At the weekend Foster told her party’s spring conference that Sinn Féin had caused the present political vacuum by ‘sowing division.’

Instead of amusement at a DUP leader calling another party divisive, this was reported as the DUP leader ‘ripping into’ Sinn Féin and as Foster ‘clashing’ with SF leader Mary Lou McDonald. But there are no headlines in the unchanging daily story that Sinn Féin are stuck, without the dogged personability of Martin McGuinness to cover their embarrassment. Or that the DUP will not work power-sharing.

DUP failings fail to exercise official Dublin. That court case? No resonance. The RHI inquiry grinds out evidence of civil service incompetence, plus deference to DUP and perhaps Sinn Féin dislike of minuted meetings. DUP connections to UDA North Down figure Dee Stitt? Boring, or too small scale for Dublin notice.

Doyen of Dublin commentary Fintan O’Toole does keep coming back to the trail of DUP dark money, as part of the investigation of the Brexit-Leave funding. DUP involvement makes the cut because of Brexit.

Much as Dublin decided Sinn Féin were good enough for unionists to share Stormont power with, though not good enough for a similar role in southern government, a dislikeable DUP is not to be dissed as unionist standard-bearers.

None of this is mysterious.

The Republic is another Ireland with its own problems. Sinn Féin as heir to the IRA is as much as many can bear to know.

Plainly, there is no alternative to the DUP as the unionist voice. Even in the north few displayed interest in the other weekend speech from a party leader, despite admiration for the resilience and mental toughness of Alliance’s Naomi Long.
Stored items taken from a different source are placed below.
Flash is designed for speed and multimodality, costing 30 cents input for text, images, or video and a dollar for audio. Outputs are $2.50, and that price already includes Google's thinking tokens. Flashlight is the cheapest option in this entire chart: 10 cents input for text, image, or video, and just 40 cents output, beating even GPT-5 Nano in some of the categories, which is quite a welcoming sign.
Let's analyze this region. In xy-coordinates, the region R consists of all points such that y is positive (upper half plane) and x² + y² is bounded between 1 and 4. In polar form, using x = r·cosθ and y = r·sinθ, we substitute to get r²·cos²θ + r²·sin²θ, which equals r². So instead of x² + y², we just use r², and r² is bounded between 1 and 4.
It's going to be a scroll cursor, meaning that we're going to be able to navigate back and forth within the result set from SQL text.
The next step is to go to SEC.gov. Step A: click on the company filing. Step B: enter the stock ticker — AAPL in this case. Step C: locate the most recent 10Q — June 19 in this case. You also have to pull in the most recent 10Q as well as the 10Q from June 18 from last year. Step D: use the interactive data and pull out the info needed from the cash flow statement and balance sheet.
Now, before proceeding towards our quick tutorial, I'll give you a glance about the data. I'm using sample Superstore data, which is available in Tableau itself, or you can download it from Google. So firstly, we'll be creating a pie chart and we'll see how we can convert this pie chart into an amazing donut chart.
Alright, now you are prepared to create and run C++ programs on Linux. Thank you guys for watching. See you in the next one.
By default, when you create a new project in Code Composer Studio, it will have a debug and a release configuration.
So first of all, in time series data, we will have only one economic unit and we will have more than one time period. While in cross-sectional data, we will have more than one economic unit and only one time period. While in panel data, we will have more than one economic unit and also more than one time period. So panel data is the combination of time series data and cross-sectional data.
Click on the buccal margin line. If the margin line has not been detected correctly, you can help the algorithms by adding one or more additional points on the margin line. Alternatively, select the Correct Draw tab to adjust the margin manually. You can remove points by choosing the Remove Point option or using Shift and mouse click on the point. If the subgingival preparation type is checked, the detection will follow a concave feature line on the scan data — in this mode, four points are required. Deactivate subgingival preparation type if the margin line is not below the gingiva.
The Alliance idea of how to ‘break the logjam’ mostly caught the eye as the party re-positioning itself to be all things to the slender middle of northern politics, in vain.

After earlier misfires it now has a defensible stance on Irish, indeed the model for the draft agreement with Sinn Féin ditched by Foster. Urging Westminster to take care of Irish as well as single sex marriage is a wheeze a Northern Ireland Office minder might go for at a different time.
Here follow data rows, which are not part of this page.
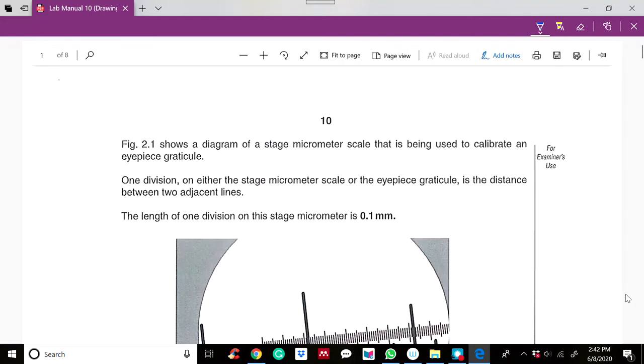In this video, you will learn how to calibrate an eyepiece graticule and use it to measure the actual length of a microscope image.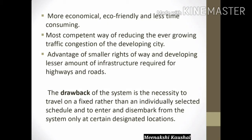MRTS also has the advantage of requiring smaller rights-of-way and lesser infrastructure than highways and roads. However, the drawback of the system is the necessity to travel on a fixed schedule rather than an individually selected one, and to board and disembark only at designated locations. For example, in a metro you can only go from station to station — not door-to-door service. Individual schedule selection is not possible.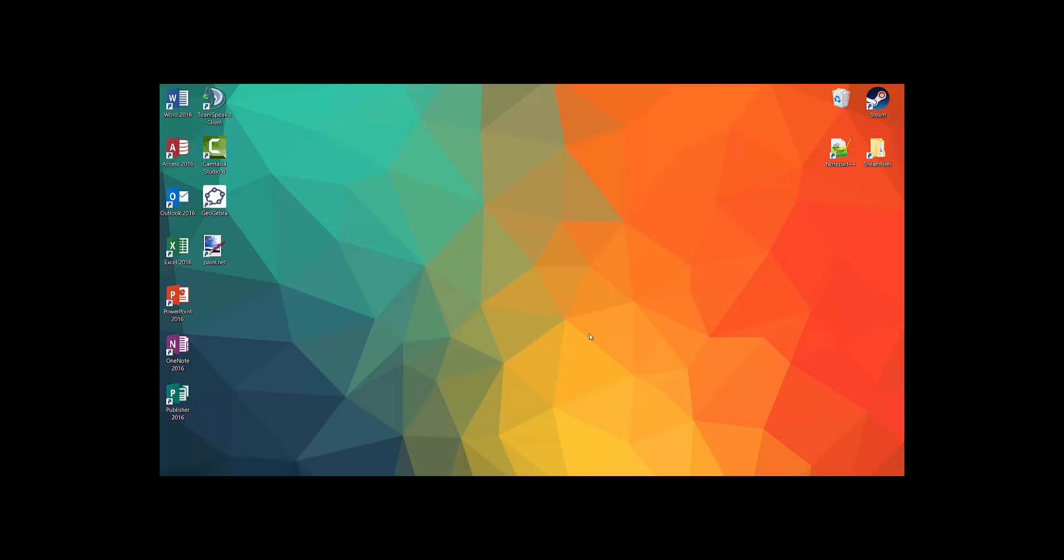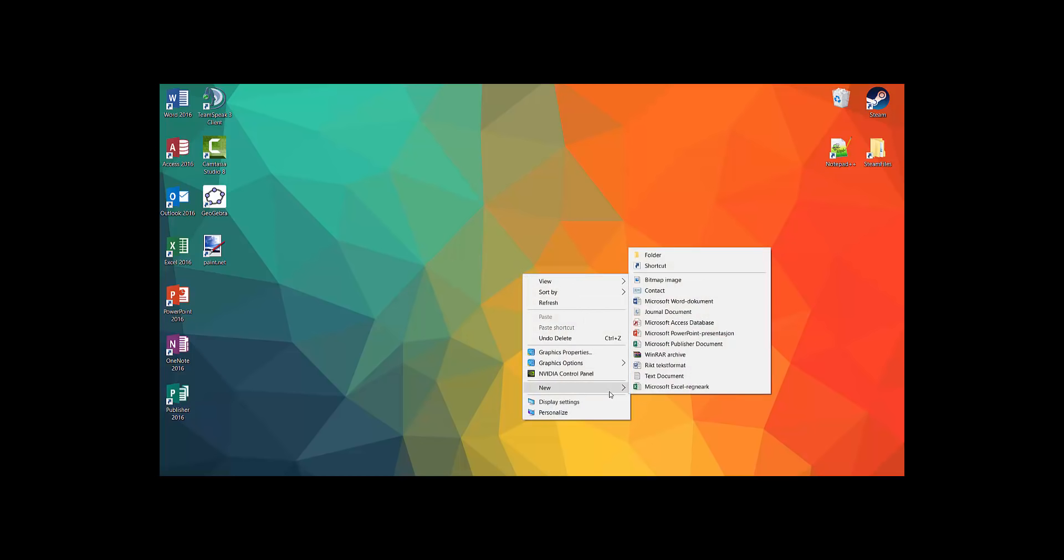First, make a new text document. To do that, right click on your desktop and select new. Then select text document.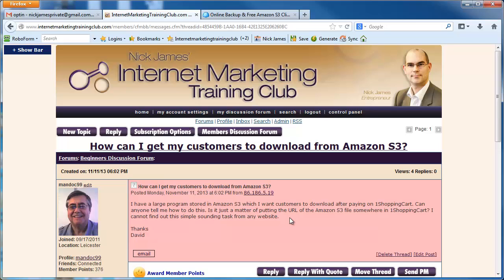Hi there, this is Nick James from the Internet Marketing Training Club and I'm recording this quick video for David who asked a question in the forum about Amazon S3 and how to give the buyers of his products an Amazon S3 download link.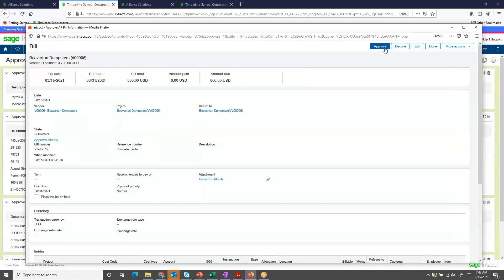Now I can approve or decline. If I decline the invoice, it will go back as a submitted status, allowing the user to correct coding, the amount, review the invoice, and resubmit it for a second approval.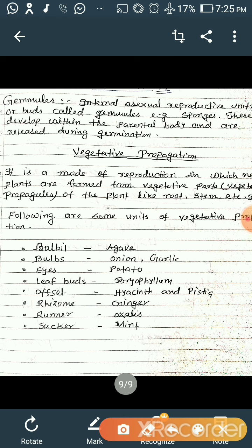Now we will discuss the last type, which is known as vegetative propagation. It is a mode of reproduction in which new plants are formed from the vegetative parts, hence it is known as vegetative propagules of the plant, like root, stem, leaf, etc. Following are some units of vegetative propagules from which new plants arise. Bulbils are found in agave; bulbs are found in onion.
But its likelihood depends entirely on what the DUP tell Karen Bradley they will stand over.

Even if it only means shrugging at the gimmick of Westminster taking their difficult decisions, will the Foster leadership stand up to Jim Allister, who said a while back that he saw this coming?

And Alliance ducked the question of abortion provision.

The party may imagine itself competing for the hearts and minds of civic unionism. Nobody is vying for the honour. But even if Alliance weren’t internally divided on abortion, championing Irish provision is more than radical enough for them. Reducing the number of days that Belfast City Hall flies the union flag – even though that left it on a par with Britain - brought them an unmerciful pasting because they lined out with nationalism.

As for MLA scrutiny committees parallel to talks, SF’s McDonald saw through the DUP’s ramped-up version of Alliance’s elaborately balanced one to a ‘retreat from power-sharing’.

Alliance is a trier. But it is no alternative to the dreary steeples for northerners, nor for alienated Dublin.